So, Ty, from everything that you have seen and heard up to this point, do you believe anyone in Trump's inner circle should be charged?

COBB: I think that, you know, from everything I have seen and heard and, thanks to the good reporting on all of this, that there are some serious facts out there.


The phone calls to Raffensperger and Mr. Bower's concern me greatly. You know, the demand to find 11,470 votes is of concern to me. The efforts in both Arizona and Georgia I think, you know, present difficult choices for the Justice Department.

I also think the facts that are evolving, Ms. Hutchinson testified to, that it sounds like, if true, Pat Cipollone advised the president that there were serious criminal concerns at issue before he took certain actions. I think that is very problematic. I think -- you know, it's -- I'm concerned about the role that Mark Meadows played and certainly the role that certain of his individual counsel played.

BURNETT: So, you talk about Mark Meadows, but, obviously, the call that you were referring to, to Raffensperger about one more vote, that was from Trump himself. And, you know, Cipollone giving the president the information, the president going ahead. That you talk about that concern. That was the president himself.
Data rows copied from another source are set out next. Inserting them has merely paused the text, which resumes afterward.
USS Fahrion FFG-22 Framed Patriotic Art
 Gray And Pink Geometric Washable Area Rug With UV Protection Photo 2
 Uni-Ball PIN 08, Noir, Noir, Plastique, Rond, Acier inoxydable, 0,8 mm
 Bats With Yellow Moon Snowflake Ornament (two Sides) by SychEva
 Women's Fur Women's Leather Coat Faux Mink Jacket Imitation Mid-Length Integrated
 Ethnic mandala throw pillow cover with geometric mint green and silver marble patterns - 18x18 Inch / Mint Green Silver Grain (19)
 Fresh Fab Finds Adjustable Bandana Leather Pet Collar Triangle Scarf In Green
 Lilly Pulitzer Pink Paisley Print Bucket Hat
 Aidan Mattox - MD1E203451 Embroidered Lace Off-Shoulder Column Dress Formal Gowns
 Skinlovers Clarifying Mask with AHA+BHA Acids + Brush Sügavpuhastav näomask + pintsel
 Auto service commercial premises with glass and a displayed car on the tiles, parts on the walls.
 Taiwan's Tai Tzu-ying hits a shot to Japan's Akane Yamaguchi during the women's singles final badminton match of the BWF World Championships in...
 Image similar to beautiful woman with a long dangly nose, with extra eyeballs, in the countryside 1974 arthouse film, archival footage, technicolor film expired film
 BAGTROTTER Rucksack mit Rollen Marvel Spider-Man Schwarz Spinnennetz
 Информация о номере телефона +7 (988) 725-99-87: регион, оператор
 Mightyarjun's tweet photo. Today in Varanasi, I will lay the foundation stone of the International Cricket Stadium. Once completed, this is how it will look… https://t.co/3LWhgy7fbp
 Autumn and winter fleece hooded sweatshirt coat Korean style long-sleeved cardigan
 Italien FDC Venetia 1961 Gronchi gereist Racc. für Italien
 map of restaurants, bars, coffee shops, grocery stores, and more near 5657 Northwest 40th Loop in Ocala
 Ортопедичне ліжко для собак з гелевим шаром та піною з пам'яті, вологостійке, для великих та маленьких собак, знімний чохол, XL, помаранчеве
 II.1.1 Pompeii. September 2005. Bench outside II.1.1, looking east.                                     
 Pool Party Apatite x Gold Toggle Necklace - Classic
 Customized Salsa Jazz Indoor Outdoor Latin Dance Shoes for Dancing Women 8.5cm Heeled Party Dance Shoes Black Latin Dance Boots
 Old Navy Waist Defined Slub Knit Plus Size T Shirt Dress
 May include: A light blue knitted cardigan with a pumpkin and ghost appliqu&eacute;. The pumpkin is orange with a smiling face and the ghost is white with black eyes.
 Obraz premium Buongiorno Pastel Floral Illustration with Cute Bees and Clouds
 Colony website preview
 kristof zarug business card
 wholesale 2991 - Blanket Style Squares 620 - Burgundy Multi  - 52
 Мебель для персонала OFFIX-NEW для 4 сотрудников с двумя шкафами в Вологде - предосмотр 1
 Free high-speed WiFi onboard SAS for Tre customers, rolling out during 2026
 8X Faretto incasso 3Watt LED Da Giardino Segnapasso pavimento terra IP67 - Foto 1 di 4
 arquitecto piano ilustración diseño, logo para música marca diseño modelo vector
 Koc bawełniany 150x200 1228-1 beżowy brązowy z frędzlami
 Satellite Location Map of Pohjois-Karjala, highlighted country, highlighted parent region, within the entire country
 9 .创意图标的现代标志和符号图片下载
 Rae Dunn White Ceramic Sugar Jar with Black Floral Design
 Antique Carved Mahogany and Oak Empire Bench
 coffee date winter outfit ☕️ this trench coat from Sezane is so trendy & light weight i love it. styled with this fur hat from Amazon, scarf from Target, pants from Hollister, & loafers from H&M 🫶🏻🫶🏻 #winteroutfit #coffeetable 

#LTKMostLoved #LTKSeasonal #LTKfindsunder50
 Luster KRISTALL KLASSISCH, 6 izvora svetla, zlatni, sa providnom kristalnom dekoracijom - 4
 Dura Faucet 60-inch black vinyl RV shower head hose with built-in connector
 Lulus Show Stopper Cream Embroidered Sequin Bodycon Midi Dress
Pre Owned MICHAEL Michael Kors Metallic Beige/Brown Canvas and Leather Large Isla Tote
What else do you need to hear, Ty, to think that the president himself, that a charge would be merited? Again, putting aside whether they choose to do it, whether it would be merited?

COBB: I think that, you know, it would be -- in all these cases, intent is essential, and it would be good to know a little bit more about the president's intent. With regard to Raffensperger's phone call and Bower's phone call, as I recall, Mr. Meadows was on one or more of those calls. I think --


COBB: I think knowing what preparation went into those calls, what they were told, you know, if it is as simple as just do it, which I believe Mr. Bowers was told in Arizona that is highly problematic. I mean, think you've got issues of defrauding the United States, with regard to the vice president's issue and a big lie. You've got obstruct -- potential obstruction and influencing a witness.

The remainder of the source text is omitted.